British igneous petrologist

Charles Henry Emeleus (4 September 1930 – 11 November 2017) was a British igneous petrologist. He specialized in the Paleogene volcanic rocks of Britain and Greenland.

==Personal life==
Henry Emeleus was born in Belfast in 1930. He was the son of physicist Karl George Emeléus, a lecturer (and later professor) at Queen's University Belfast, and nephew of chemist Harry Julius Emeléus.

Emeleus died on 11 November 2017 in Durham, UK.

==Research==
Emeleus studied geology at Queen's University Belfast (BSc 1952.MSc 1953) and then went to work with Bill Wager at Oxford, where he was a student at Wadham College. He completed his doctorate there in 1957. During this period, he was introduced to the layered igneous rocks of Greenland and Rùm, where he initially worked with George Malcolm Brown.
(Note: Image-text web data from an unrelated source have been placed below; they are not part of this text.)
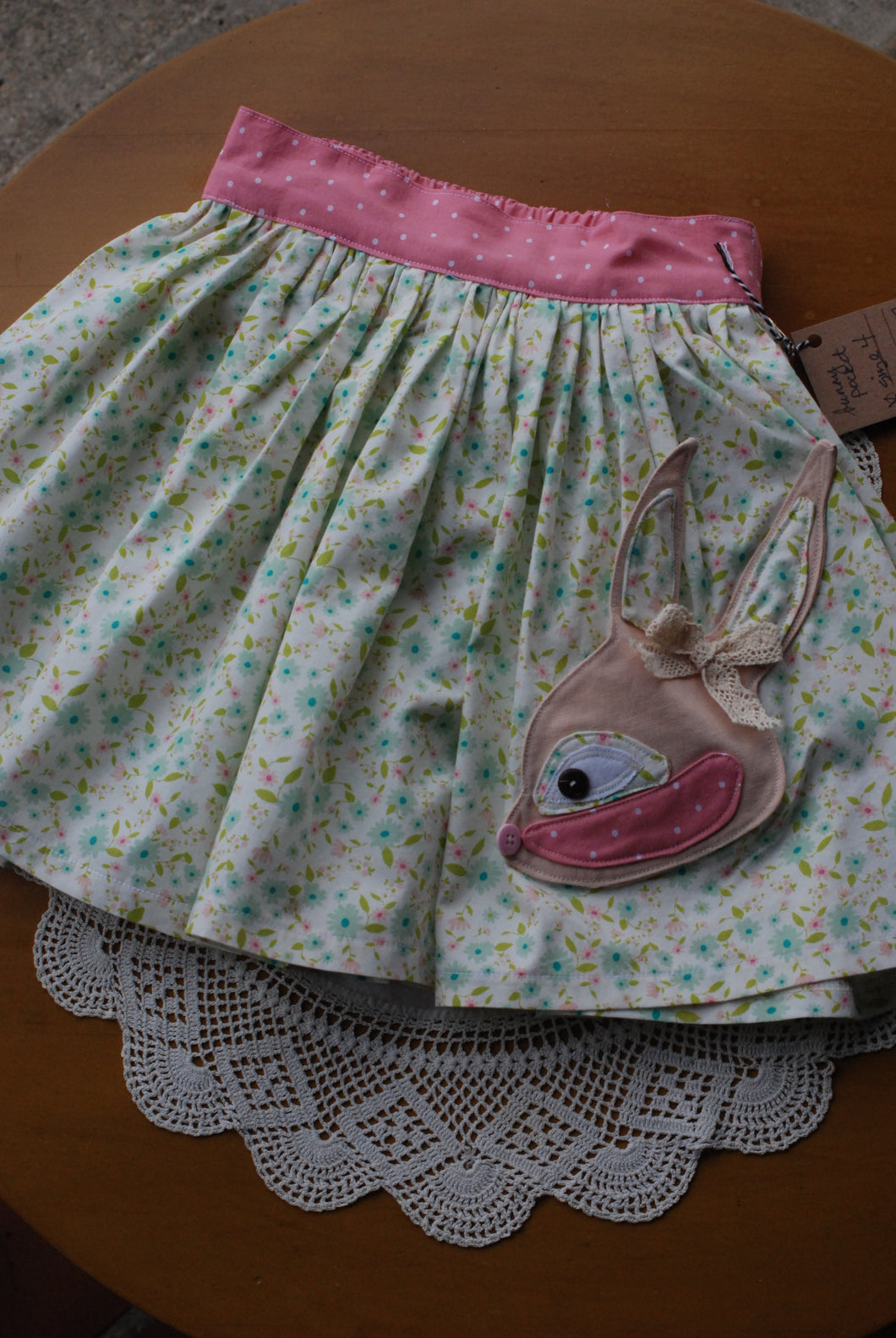 Hazel Skirt Size 4 Floral print with detailed Bunny front pocket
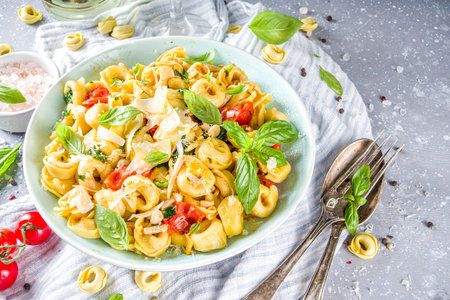 Italian ravioli, tortellini pasta with parmesan cheese and vegetables - spinach, tomatoes, mushrooms and basil, On grey stone background copy spaceの写真素材
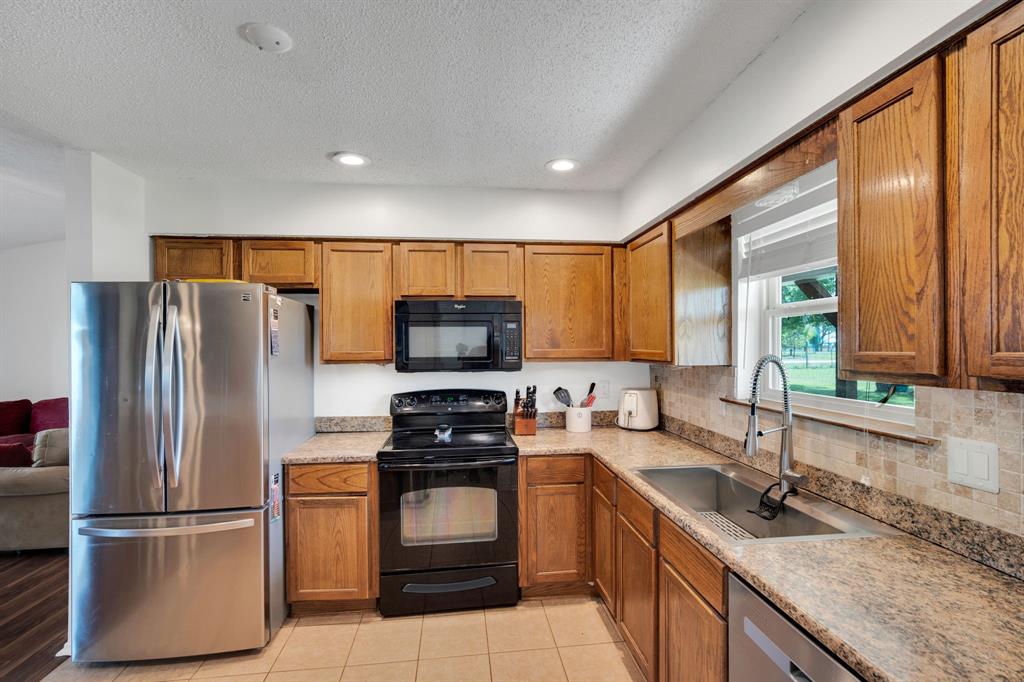 430 Carter Road Italy, TX 76651 - Photo 15 of 36 a kitchen with stainless steel appliances granite countertop a refrigerator stove and sink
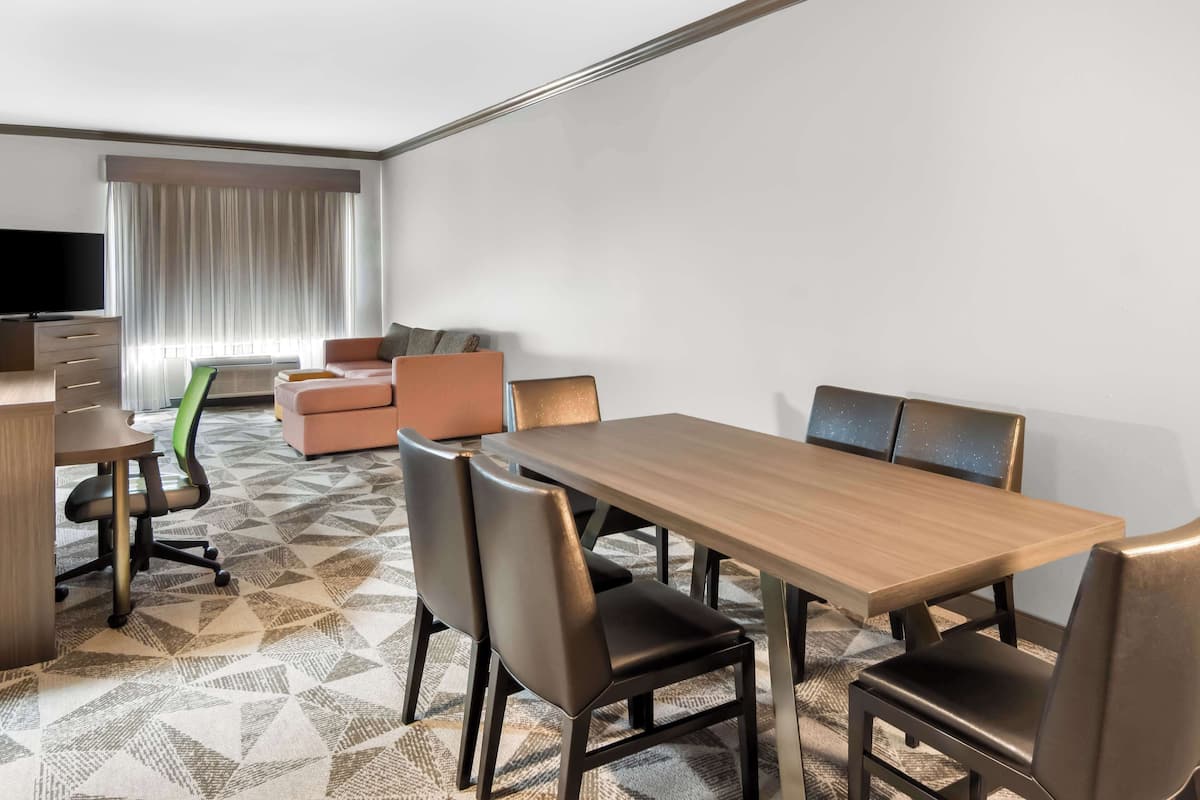 Quarto de hotel com área de refeições, sofá, televisão e janela com cortinas.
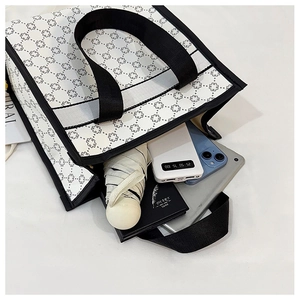 Top view of cream tote bag with black geometric patterns showing spacious inner storage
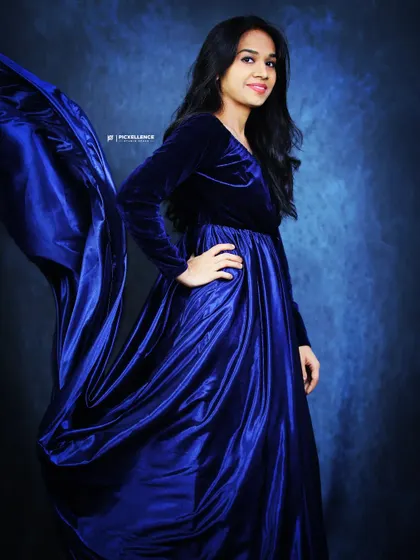 Another shot of the royal blue gown with its trail in motion, perfect for creating dynamic and captivating photos.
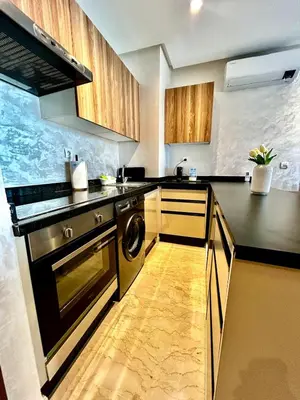 a kitchen with a stove and a dishwasher at Charming Studio in Zenata Eco-city, Pool and Sea View in Aïn Harrouda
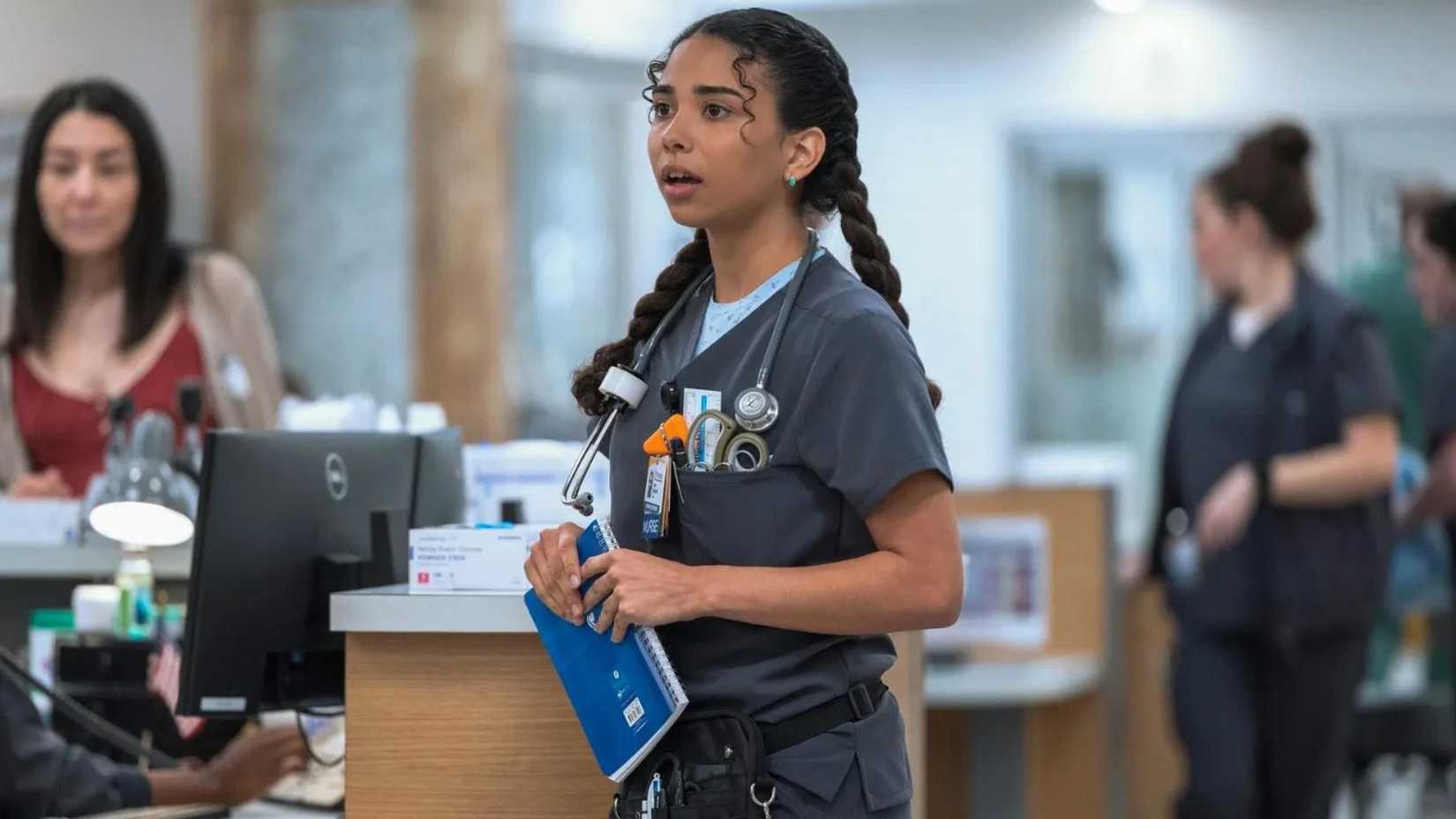 Nurse Emma holds a notebook in The Pitt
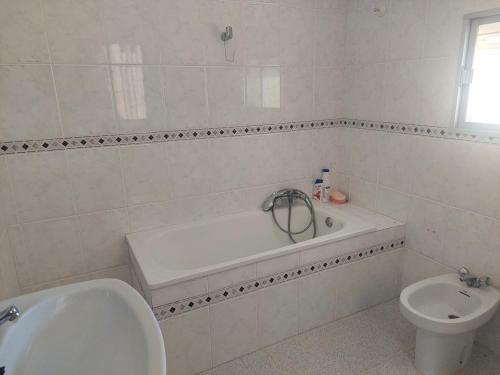 a bathroom with a tub and a toilet and a sink at Dehesilla Olive Orchard Retreat in Fuentes de Cesna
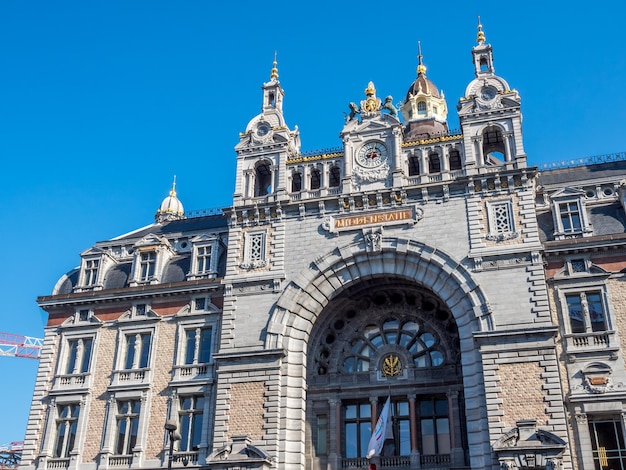 Elegant beautiful design at front of Antwerp train station in Belgium under blue sky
In addition to his teaching and research into igneous rocks, Emeleus was a highly capable petrologist.
The mineral emeleusite, a colorless sodium silicate, is named after him.

==Awards==

- Prestwich Medal of the Geological Society of London, 2016
- Collins Medal of the Mineralogical Society of Great Britain and Ireland, 2010. Quote from VMSG Newsletter: "Henry Emeleus received the Collins Medal for an outstanding contribution to pure and applied aspects of Mineral Sciences and associated studies during a long and active career."
- Clough Medal of the Edinburgh Geological Society, 1994.
- Chancellor's Medal of the University of Durham, 2014.